Friday, 13 April 2012

Marcion & More

The latest Human Bible podcast is up - the fourth so far - and here's a chance to get 'up to speed' with an introduction to one of the most influential but under-appreciated figures in the early church, Marcion (Lil' Mark). 

Biblical raconteur Bob Price also delves into the inspired erotica of the sultry Song of Solomon, asks about just how accurate Jesus' predictions of The End were, and just how amazing grace is in the Calvinist tradition.

Not to be missed!

You can also hear Philip Harland (York University, Toronto) talking about Marcion in a much more academic way here.  This appears to be the audio of a lecture.

1 comment:

  1. In Jesus' temptation in the wilderness, the devil shows Jesus all the kingdoms of the world and offers to give them to Jesus if he will only worship him. He told Jesus that he owned it all "and to whomsoever I will I give it".

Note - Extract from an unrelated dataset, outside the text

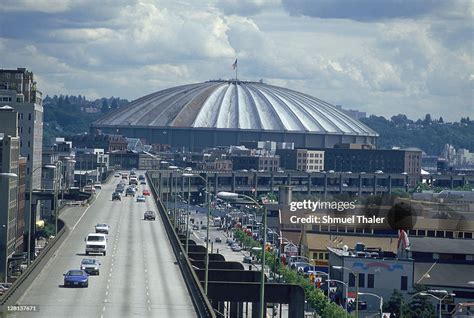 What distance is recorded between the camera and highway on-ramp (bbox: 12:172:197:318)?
41375 mm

    Now, as we all know, the kingdoms of the world (and everything else) belongs to Yahweh, i.e., according to the OT scriptures. So, is this a Marcionite doctrine and Yahweh is actually the devil (the demiurge)?

    If so, it makes sense when Jesus said that the Jews were "of your father, the devil", i.e., Yahweh. Was Yahweh a liar from the beginning as the gospel writer says Jesus said? Well, he told Adam that in the day he ate of the tree of the knowledge of good and evil that he would die. But, instead of dying, Adam gained the knowledge of good and evil. So...yeah.

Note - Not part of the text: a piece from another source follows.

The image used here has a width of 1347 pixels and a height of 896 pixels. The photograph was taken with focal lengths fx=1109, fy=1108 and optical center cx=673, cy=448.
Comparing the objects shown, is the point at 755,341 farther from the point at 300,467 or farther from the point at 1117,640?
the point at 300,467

    So then, was Marcion right about the god of the old testament being a demiurge (devil)? Nope. Marcion was just as wrong as Tertullian, the father of "orthodoxy" was. Neither one knew what in the hell they were talking about. They were both talking about things supernatural and, therefore, unknown and unknowable.

    I don't understand how people can think that they know something about a god that in all probability doesn't exist and can't exist.

    Yes, I do. I used to think I knew something about this god too, but, I came to realize that it wasn't my knowledge but someone else's - the "knowledge" of some people who wrote a book and have been dead for a long, looong time.